The company reported earnings of $132.2 million, or 59 cents per share for the quarter, as compared to $66.7 million, or 30 cents per share for the same period last year. On an adjusted basis, earnings rose to $1.04 per share, beating the analysts’ average estimate of 96 cents per share.
Revenue came in at $952.4 million, significantly higher than $842.7 million in the year-ago quarter. Analysts surveyed by FactSet were expecting Autodesk to post revenue of $943.3 million.
Speaking on the results, CEO Andrew Anagnost said in a statement “our enterprise customers are undertaking their own digital transformation and, by enabling that transformation, we are becoming strategic partners. For example, we signed a nine-digit deal in the quarter. We are confident in our fiscal 2023 targets and expect to see continued double-digit growth thereafter."
Autodesk said its operating costs in the quarter rose 7.4 percent to $700.7 million.

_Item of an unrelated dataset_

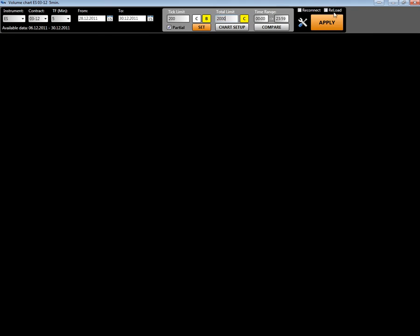There are also reconnect, reload, setups, and apply buttons. Let's start with the most basic setups that you can have in this chart.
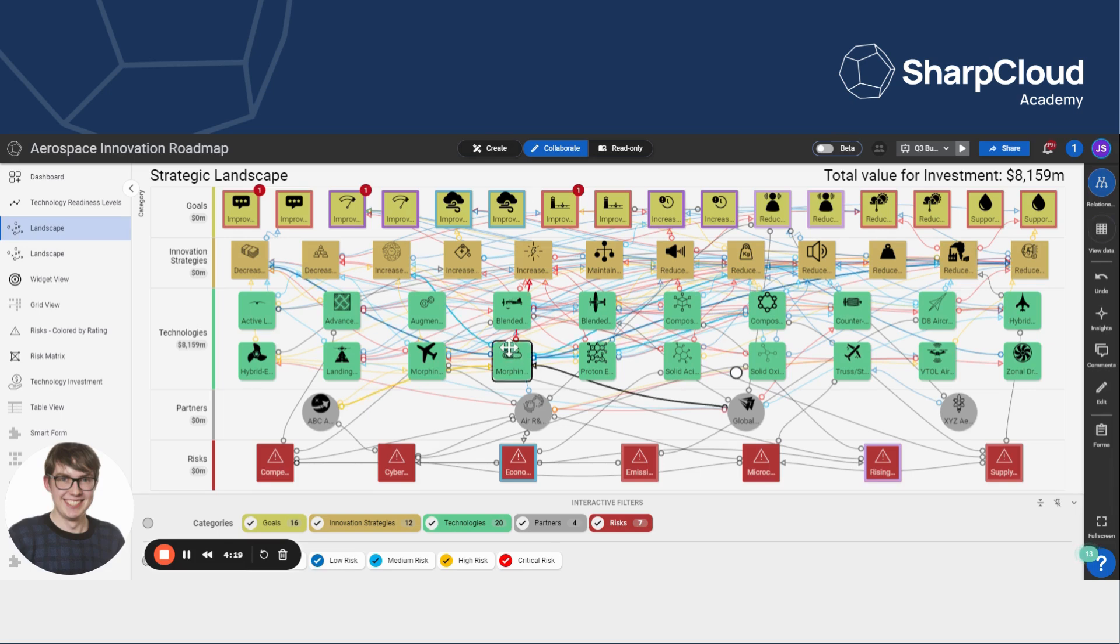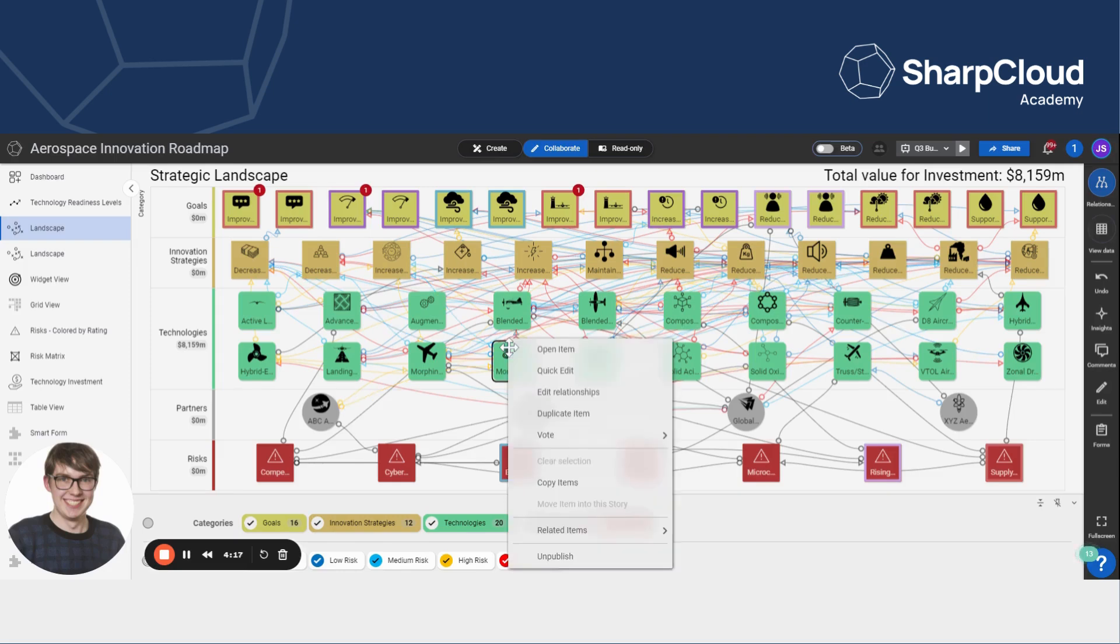So what I'm going to do to unpublish the item is just right click and select this option to unpublish. And that will remove the item from the views, but at any point a creator could go back in, republish the item and introduce it to the story again.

If we look at the sales performance of key segments, design revenue rose 13 percent to $848 million, make revenue jumped 32 percent to $77 million, while subscription plan revenue increased 24 percent to $884 million. On the other hand, maintenance plan revenue fell 56 percent to $40 million. The aforesaid results were reported on a constant currency basis.
Autodesk shares have performed well in the recent months. The stock has climbed nearly 48 percent on a year-to-date basis, and about +40 percent over the past 6 months. At the current trading price, the company’s market value stands at $60.378 billion.